A DID is one owner’s “identifier” for a relationship that the owner has with another entity. It is made up of two things: a unique identifier and an associated DID document.
DIDs are at the heart of decentralized identity as they are used to make verifiable claims about an owner. Such a claim has three attributes:
- Subject: this is usually the owner, but could also be a company, pet or anything that can be described
- Issuer: this is an organization of some sort, like a bank, a government ,a university, etc
- Claim: this is any statement that can be made about the subject, such as “is over 21 years old” or “lives at this address” or “has this name on their passport”.

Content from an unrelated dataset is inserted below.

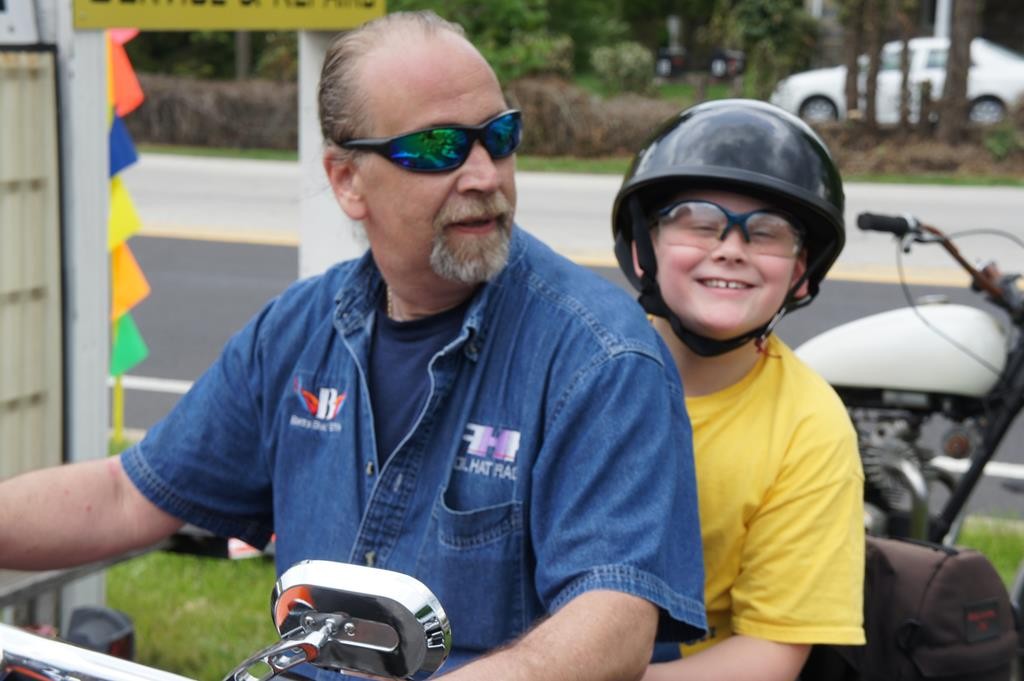 Spring Motor Mania 2014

A verifiable claim is when an issuer makes a claim about a subject. For example, a university (the issuer) could state that a first class degree in economics (the claim) was achieved by John Smith (the subject). This verifiable claim is trustworthy and tamperproof as it has been cryptographically signed by the issuer, in this case the university. The claim is stored on an immutable blockchain and secured by the many nodes running the blockchain network. John Smith (the subject) is now the holder of this verifiable claim and he can add it as a secret in his wallet. At any time John Smith can choose to share this secret with an online entity, who will immediately know that the claim is true owing to the university’s digital signature.

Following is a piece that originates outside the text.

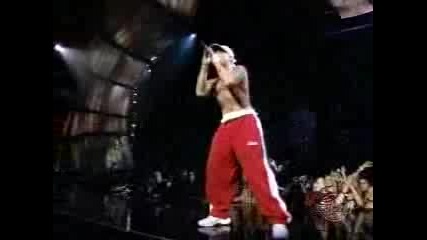 Eminem - Wa &amp; Cleanin Out My Closet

Verifiable claims, enabled by DIDs, will make browsing the internet a different experience in the future. No longer will users need to repetitively sign up to new websites with personal details. Instead, they will select attributes from their wallet to share with websites when requested. The architecture of this system also allows individuals to retain control of their own data rather than handing it over to third parties. This eliminates the risk of a single database being hacked that stores millions of personal data records.
The need for digital identity is growing rapidly. Government bodies and large institutions are increasingly trying to digitize their processes and need a way to store and verify personal information. Added to this is the growing sphere of regulatory compliance through initiatives like GDPR, which increases the need for credential verification. There are a number of different platforms building decentralized identity solutions to service this growing demand. A leader in the field is Sovrin, a project that coined the widely used term “Self-Sovereign Identity” to describe user owned and controlled digital identity.

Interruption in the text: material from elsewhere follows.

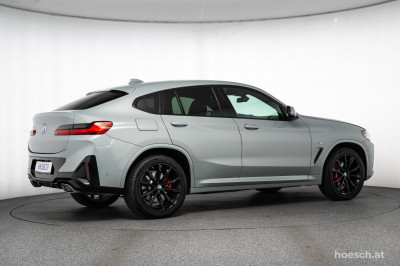BMW X4 Gebrauchtwagen BMW X4 Gebrauchtwagen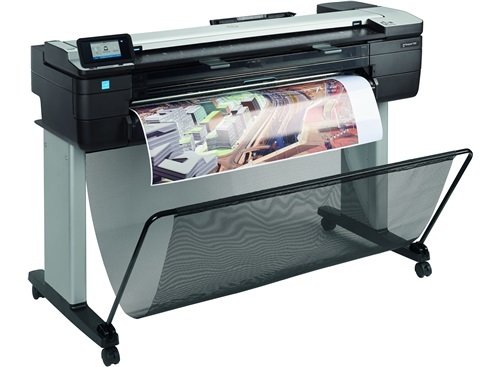 hp t830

CMCC was one of Sovrin’s first investors in 2017 and the project now has 75 organizations operating validation nodes on the network, including IBM, Deutsche Telekom and Cisco. Sovrin is working closely with the Hyperledger team (an IBM creation) in order to provide Sovrin’s identity solution for the enterprise market and for IBM clients. On the government side, it was recently reported that the Department of Homeland Security in the US has contracted one of the Sovrin Stewards to develop blockchain services for customs and immigration. The Government of British Columbia in Canada is also using Sovrin for digital credentials and verification. We remain convinced that blockchain platforms like Sovrin offer a unique solution to the secure storage and sharing of our digital identities. This technology will radically change how we interact online and could become one of the first mass market uses for blockchain technology.